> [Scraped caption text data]
════════

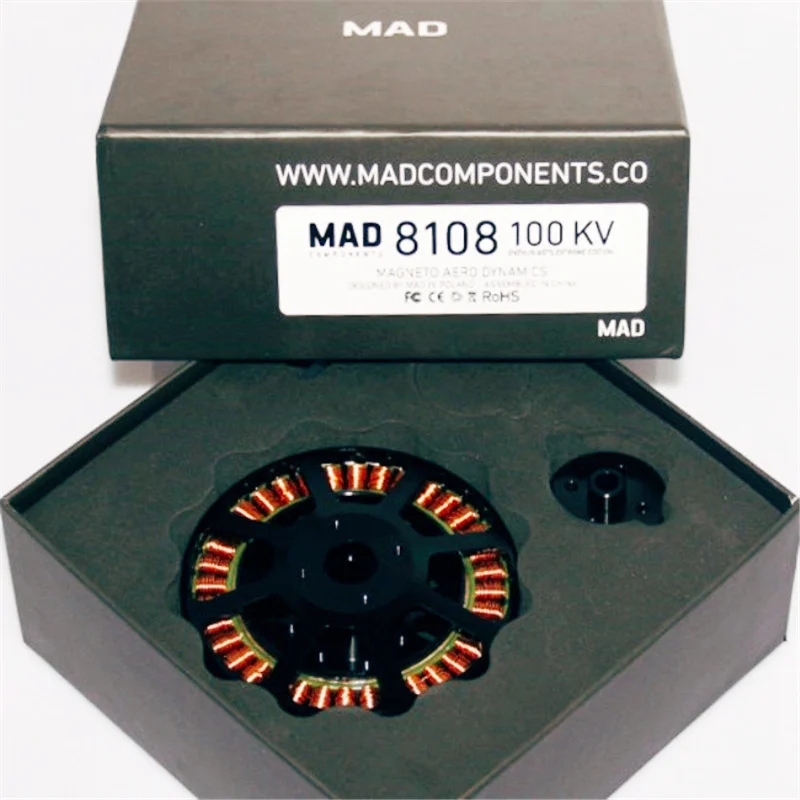 MAD 8108 EEE KV100 Lightweight Electric Motor for Drone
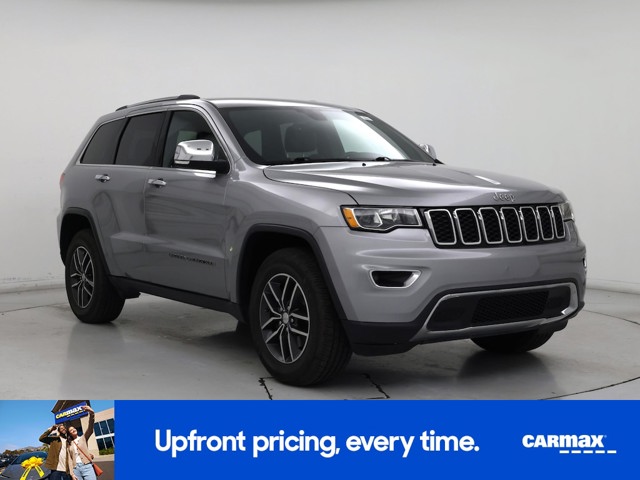 2018 Jeep Grand Cherokee Limited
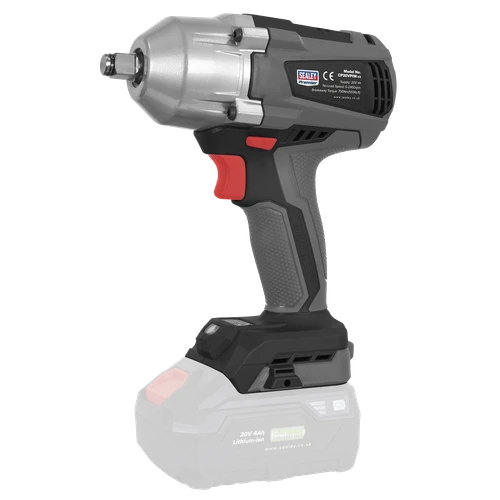 Premier CP20VPIW SV20 Series 1/2"Sq Drive Brushless Cordless Impact Wrench 20V - Body Only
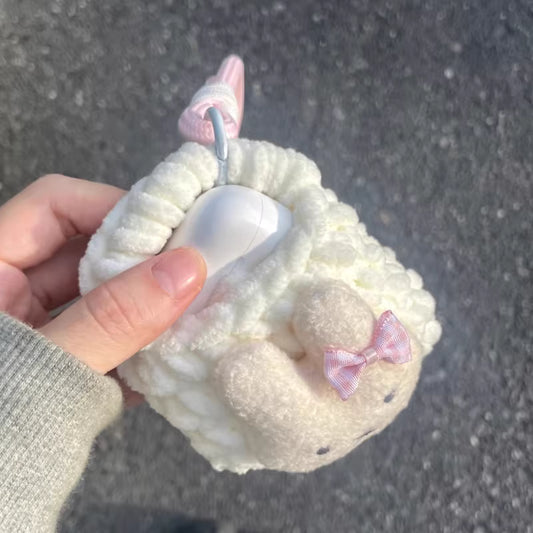 Miffy Airpod Pouch Keychain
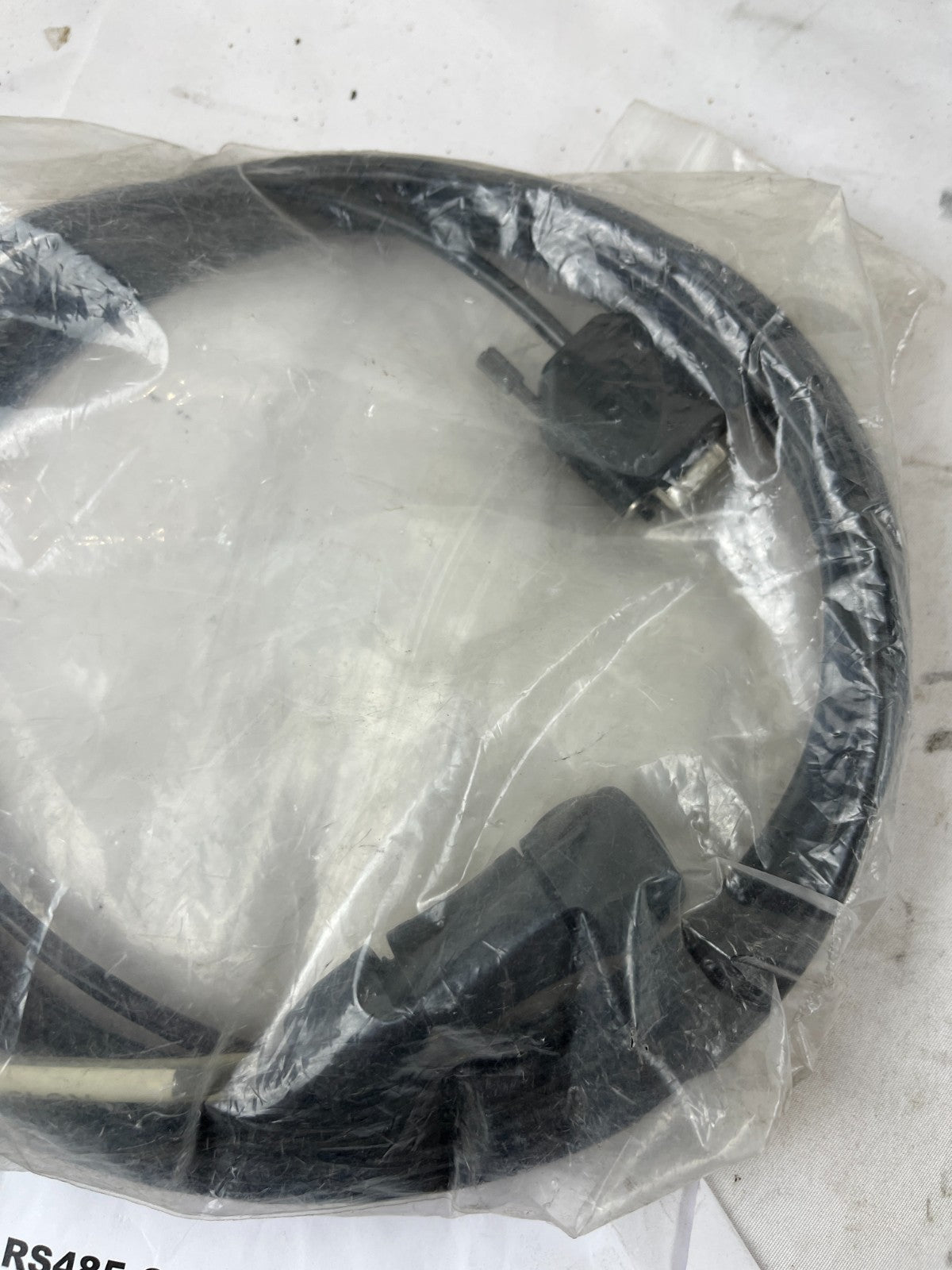 Rs485 Db9 9‑Way D‑Type Comms Cable Milspec New 1 Piece Spare Unit
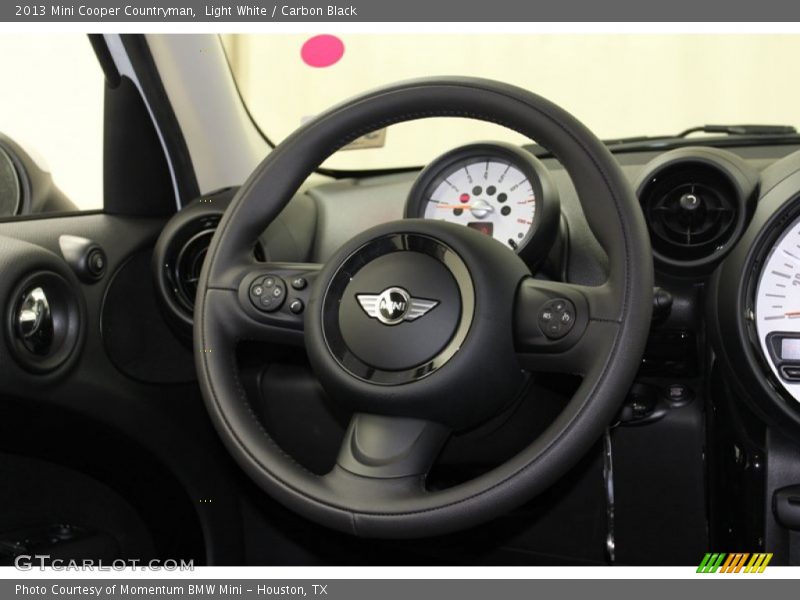  2013 Cooper Countryman Steering Wheel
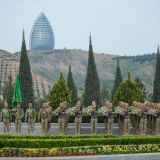 Beýik Ýeňşiň dabaraly harby ýörişinde milli goşunymyzyň kuwwaty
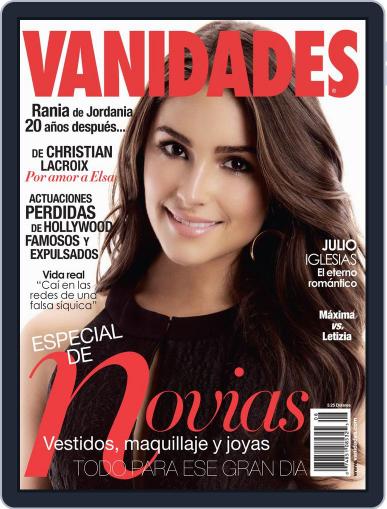 Vanidades Usa July 15th, 2013 Digital Back Issue Cover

════════

> [WORK TO COMPLETE]
Reproduce, word for word, the lines from the one containing "Rs485 Db9 9‑Way" through the final line above. Leave every picture out.

> [EXERCISE RESULT]
 Rs485 Db9 9‑Way D‑Type Comms Cable Milspec New 1 Piece Spare Unit
  2013 Cooper Countryman Steering Wheel
 Beýik Ýeňşiň dabaraly harby ýörişinde milli goşunymyzyň kuwwaty
 Vanidades Usa July 15th, 2013 Digital Back Issue Cover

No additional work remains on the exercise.